There are several schools of thought on how we can calculate a rtt, but there are typically assumptions made in each which need to be addressed. When starting we wrote code that would iterate a list of addresses, send a ping and grab its reply as outlined with pseudo-code below:

for(i = 0; i < sizeof(iplist); i++) {
  time = get_time();
  ping(iplist[i].address);
  endtime = get_time();
  rtt = endtime - time;
}

For small amounts of addresses this works quite well, although it is blocking. You're only able to process one at a time. So when you ramp up the size of iplist you find that sending a ping, awaiting its reply and moving to the next one really doesn't give you a granular enough interval (at least for what we were doing). You can definitely chunk things and modify the same logic to get it to perform better, but we wanted more.

All at once

Some languages make this kind of thing easy, the logic is to asynchronously (non-blocking) start a routine for each address, and when that gets its result pass it into a common storage. It would look something like this:

for(i = 0; i < sizeof(iplist); i++) {
  async start_function(iplist[i].address);
}

start_function(address) {
  time = get_time();
  ping(address)
  endTime = get_time();
  write_values(endTime - time);
}

The above works much better, we send all the packets into start_function and have as many start_functions running as there are addresses in the iplist. There are a few issues with this though, the primary thing being bursty network connections requires buffering typically, and that many time calls causes resource and the linux kernel to struggle when we get above a few hundred addresses. What we ended up seeing was above a couple of hundred addresses  we stopped showing correct values, mean while things start to buffer and queue which increases the rrt. To the point where the last address in the list was almost 5s of round trip time. This artifical delay came from grabbing the time then waiting for buffers to empty out so that our packets could make it onto the wire and back again.

Sucking it up

The first thing we did was break things down to try and see where these bottle necks occured. The transmit queue was always far outperforming recieve (especially when we move to a newer kernel call 'sendmsg'  over send (which we found to be context switching a lot). Taking some inspiration from how other projects have solved large packet per second problems we looked to libpcap. Libpcap is the library that powers tools like tcpdump and wireshark under the hood. Using this and it's mmap interface we saw significant improvement. The logic for this was to spawn a single listener and capture as many packets as we could using the poller with a trick. ICMP standards dictate that an echo reply should respond with the same message sent in the packet body. We store the time in the packet in transit and diff the time on receive, saving us a call on our libpcap fork.

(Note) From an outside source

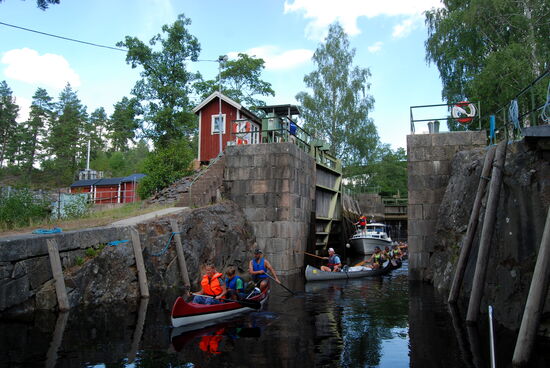 weitere Kanadier und Boote kamen uns entgegen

for(i = 0; i < sizeof(iplist); i++) {
  fork(listener());
  send(iplist[i].address);
}

listener() {
  listen_pcap_interface('eth0');
  packet = packet_recieve()
  write_values(endTime - time);
}

packet_recieve(packet) {
  time = packet.time
  endTime = get_time()
  return(endTime - time);
}

send(address) {
  time = get_time();
  packet.time = time;
  packet.address = address;
  send(packet);
}

This we found to be pretty effective up to around 1,000 hosts, where time in memory started to show stress on a small server. We could have increased the sever specs but upon some reading stumbled across PF_RING.

PF_RING bypasses the linux kernel space and gives a far more optimized build of libpcap, some benchmarks showing millions of packets per second with the right network drivers. Even on our little machine we noticed a huge difference, pinging thousands of addresses with little to no noticeable delay. Finally we were happy that our code was running as hard as it can.

Summary

To wrap it up, we constantly strive for performance and accuracy when we build this kind of stuff, and have a lot of fun on the way. As a result we feel we've built something particularly simple, taken inspiration from projects that aim to solve what traditionally is called the C10k (10,000 concurrent connections) problem and jokingly called the C1M (one million) problem by masscan in order to provide a service that is robust, performant and at a cost we can all enjoy.